The creation of initialization and termination sections can be carried out directly using an assembler, or some compilers can offer special primitives to simplify their declaration. For example, the same example containing the following #pragma definitions can result in a call to the function foo being placed in an .init section, and a call to the function bar being placed in a .fini section.
$ cat main.c #include <stdio.h> #pragma init (foo) #pragma fini (bar) ....... $ cc -o main main.c $ main initializing: foo() main() finalizing: bar() |
Be careful when designing initialization and termination code that can be included in both a shared object and archive library. If this code is spread throughout several relocatable objects within an archive library, then the link-edit of an application using this archive might extract only a portion of the objects. Therefore, the link-edit might extract only a portion of the initialization and termination code. At runtime, only this portion of code is executed. The same application built against the shared object will have all the accumulated initialization and termination code executed at runtime when the shared object is loaded as one of the application's dependencies.
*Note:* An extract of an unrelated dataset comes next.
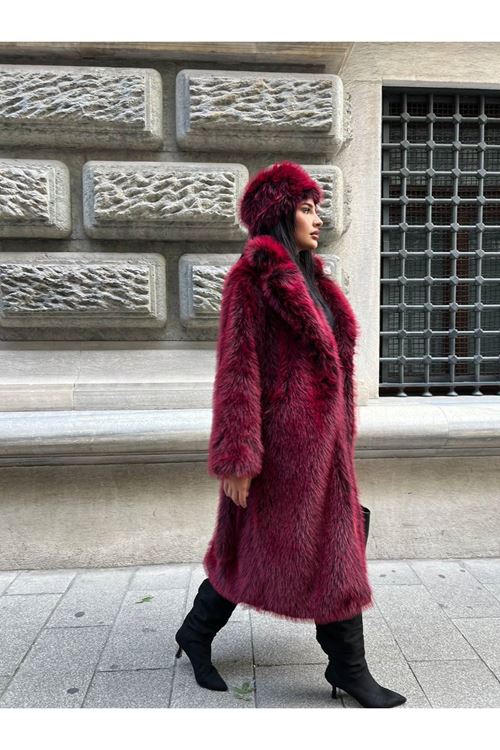 Kuşak Bağlamalı Uzun Kürk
Determining the sequence of executing initialization and termination code within a process at runtime is a complex issue involving dependency analysis. Initialization and termination code that references external global symbols make this process more difficult and can result in cyclic dependencies. The most flexible initialization and termination code references elements only within the resident object.
Data initialization should be independent if the initialization code is involved with a dynamic object whose memory can be dumped using dldump(3DL).
Symbol Processing
During input file processing, all local symbols from the input relocatable objects are passed through to the output file image. All global symbols are accumulated internally within the link-editor. This internal symbol table is searched for each new global symbol entry processed to determine if a symbol with the same name has already been encountered from a previous input file. If so, a symbol resolution process is called to determine which of the two entries is to be kept.
On completion of input file processing, and providing no fatal error conditions have been encountered during symbol resolution, the link-editor determines if any unbound symbol references (undefined symbols) remain that will cause the link-edit to fail.
Finally, the link-editor's internal symbol table is added to the symbol tables of the image being created.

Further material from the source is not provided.